PROBLEM DESCRIPTION: Give back the data exactly, with no images.

START SOURCE DATA

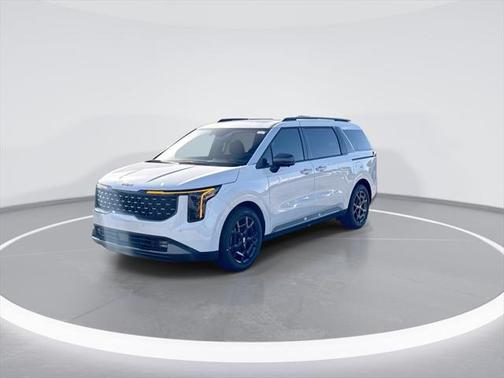 2025 Kia Carnival Hybrid SX Prestige
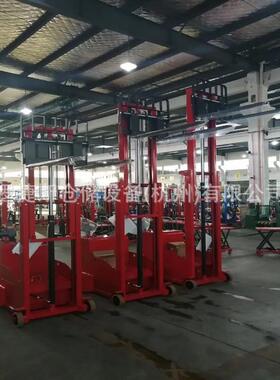 电动500kg平衡重无支腿叉车液压升降铲车托盘搬运堆垛车叉车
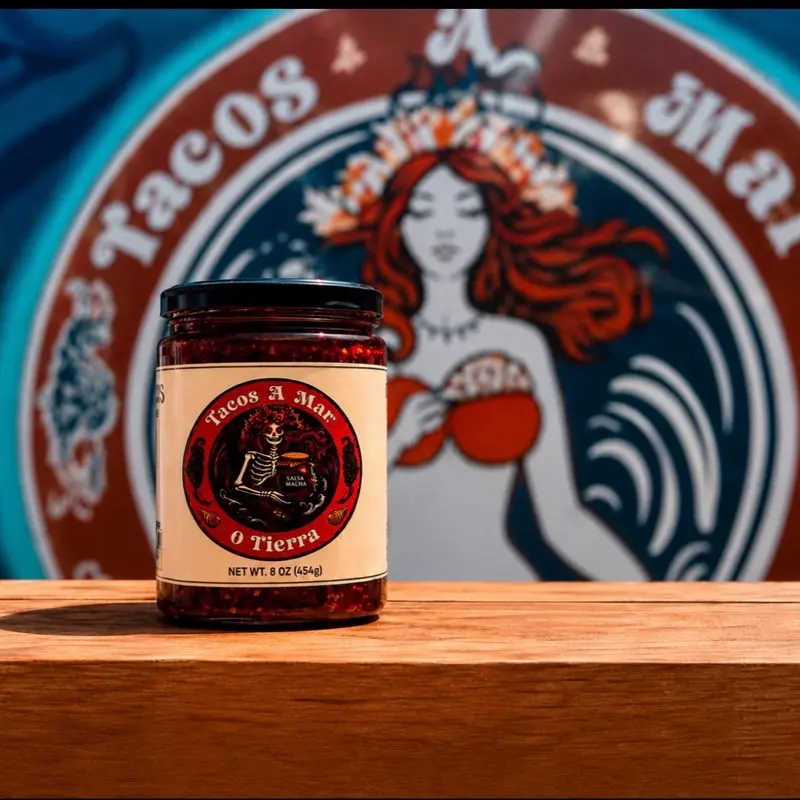 8ozSalsa Macha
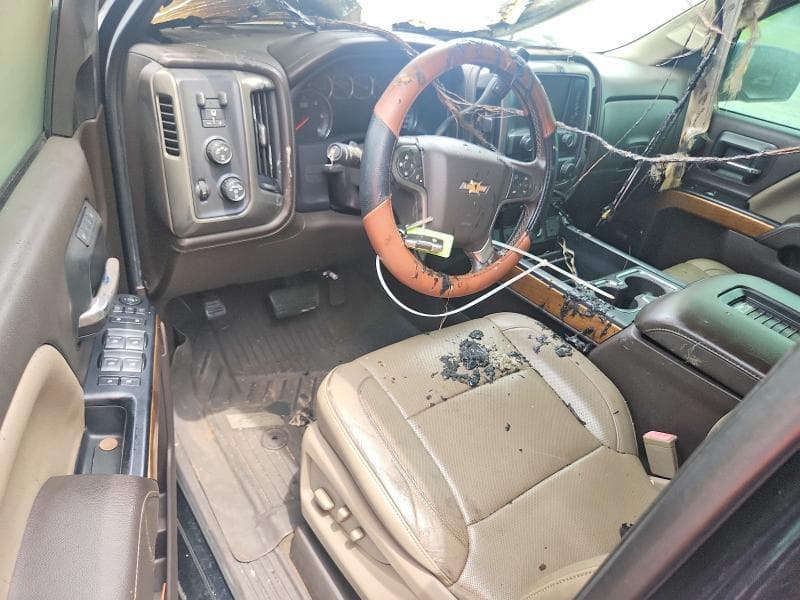 2018 CHEVROLET SILVERADO K1500 LTZ 8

END SOURCE DATA

ANSWER SPACE:
 2025 Kia Carnival Hybrid SX Prestige
 电动500kg平衡重无支腿叉车液压升降铲车托盘搬运堆垛车叉车
 8ozSalsa Macha
 2018 CHEVROLET SILVERADO K1500 LTZ 8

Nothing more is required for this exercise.